When to use pandas series, numpy ndarrays or simply python dictionaries?
Question:
I am new to learning Python, and some of its libraries (numpy, pandas).
I have found a lot of documentation on how numpy ndarrays, pandas series and python dictionaries work.
But owing to my inexperience with Python, I have had a really hard time determining when to use each one of them. And I haven’t found any best-practices that will help me understand and decide when it is better to use each type of data structure.
As a general matter, are there any best practices for deciding which, if any, of these three data structures a specific data set should be loaded into?
Answers:
Pandas in general is used for financial time series data/economics data (it has a lot of built in helpers to handle financial data).
Numpy is a fast way to handle large arrays multidimensional arrays for scientific computing (scipy also helps). It also has easy handling for what are called sparse arrays (large arrays with very little data in them).
One of key advantages of numpy is the C bindings that allow for massive speeds ups in large array computation along with some built in functions for things like linear algebra/ signal processing capabilities.

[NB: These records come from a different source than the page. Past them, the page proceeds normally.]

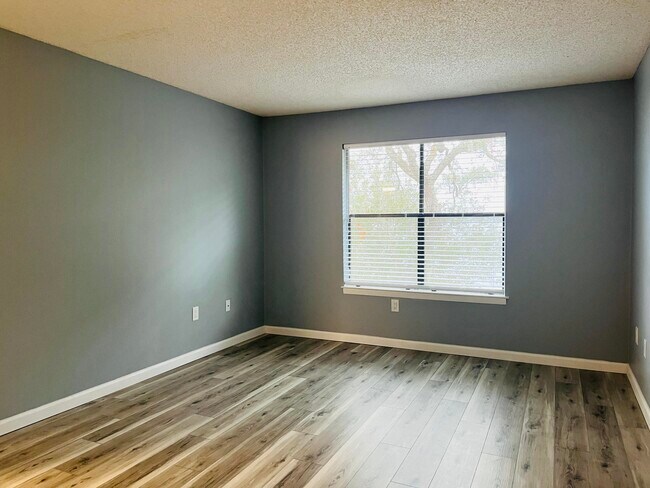 Building Photo - 225 S Tropical Trail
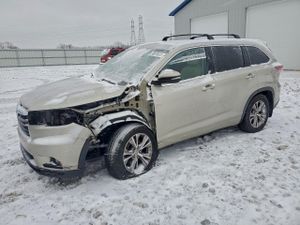 Toyota Highlander XLE 3.5L 6 2015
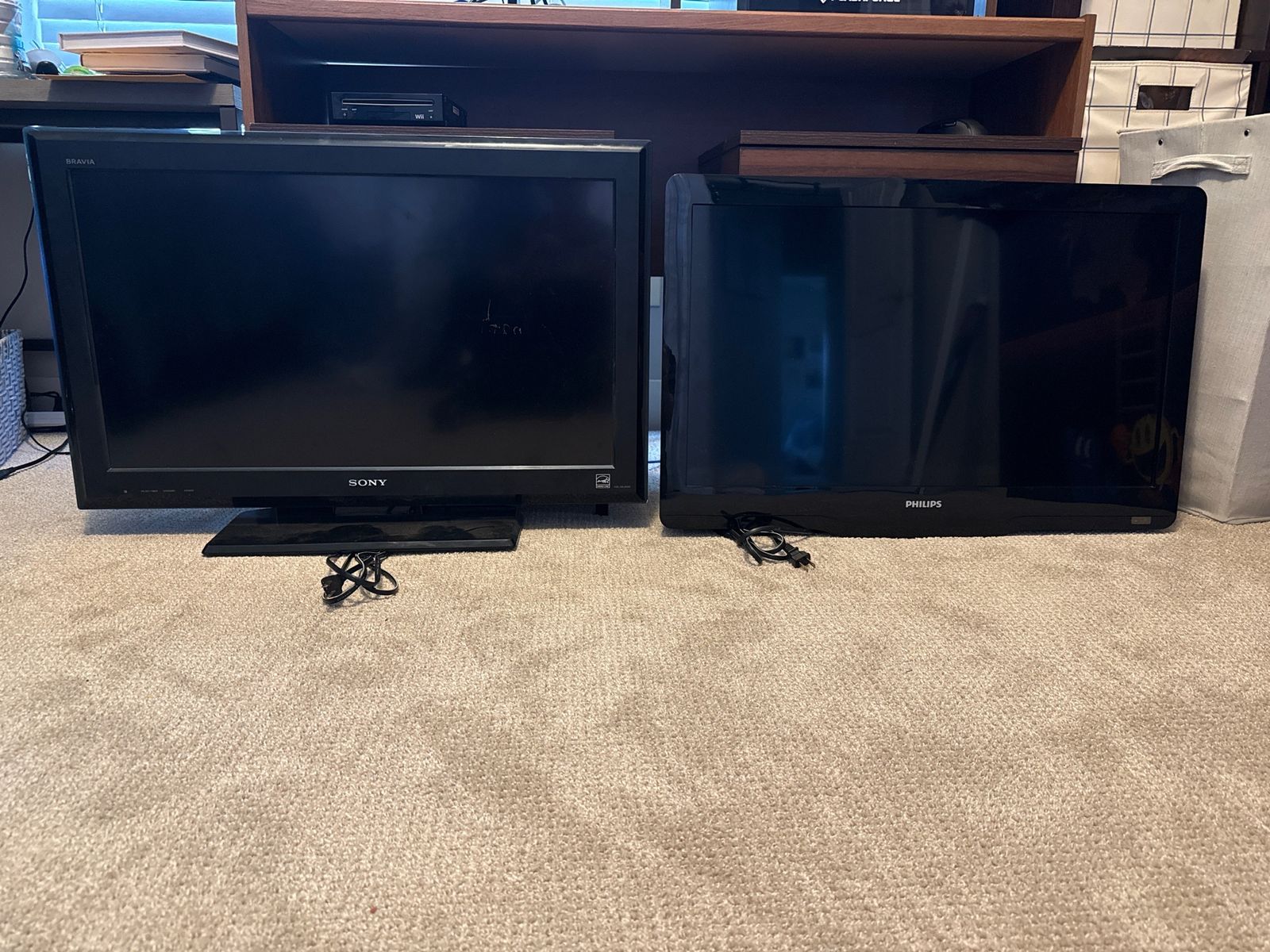 Working Flat Screen TVs – Sony Bravia + Philips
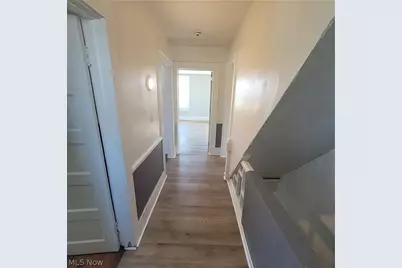 949 Fulton Road NW, Canton, OH 44703 - Photo 27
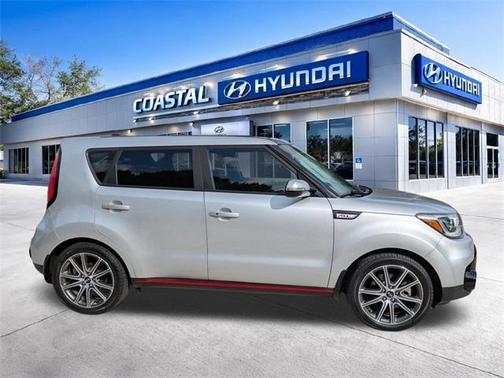 Bright Silver 2017 Kia Soul !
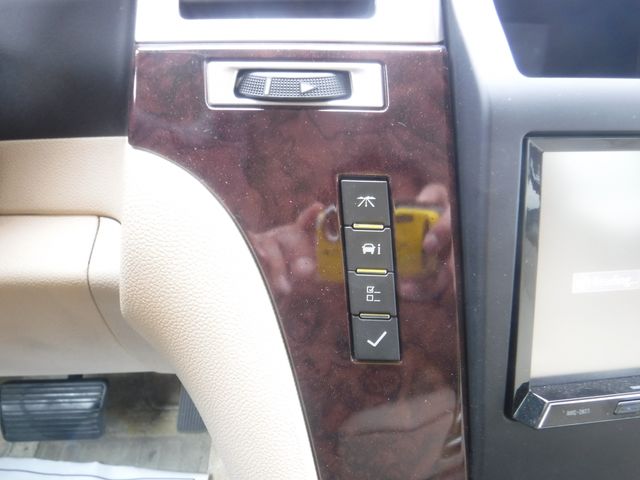 CADILLAC ESCALADE 2013 Image 31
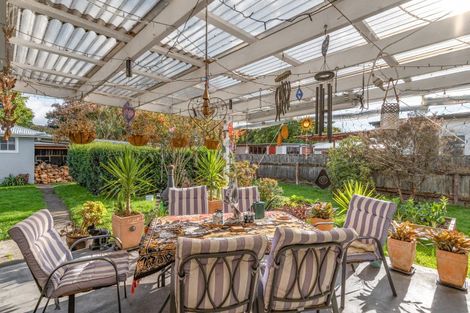 Photo of property in 223 High Street North, Carterton, 5713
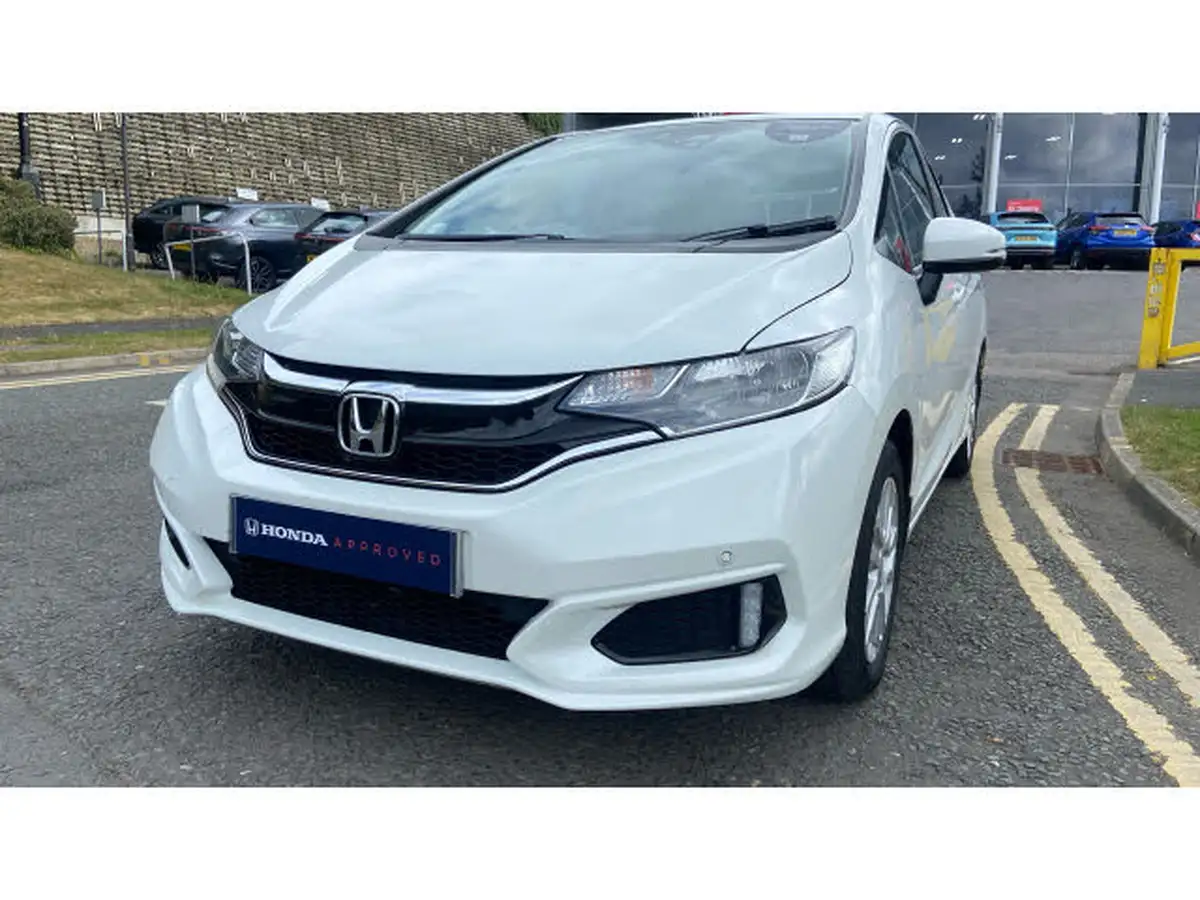 2018-honda-jazz-13-i-vtec-se-cvt-big-15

Both packages address some of the deficiencies that were identified with the existing built-in data types with python. As a general rule of thumb, with incomplete real world data (NaNs, outliers, etc), you will end up needing to write all types of functions that address these issues; with the above packages you can build on the work of others. If your program is generating the data for your data type internally, you can probably use the more simplistic native data structures (not just python dictionaries).
See the post by the author of Pandas for some comparison
Numpy is very fast with arrays, matrix, math.
Pandas series have indexes, sometimes it’s very useful to sort or join data.
Dictionaries is a slow beast, but sometimes it’s very handy too.
So, as it was already was mentioned, it depends on use case which data types and tools to use.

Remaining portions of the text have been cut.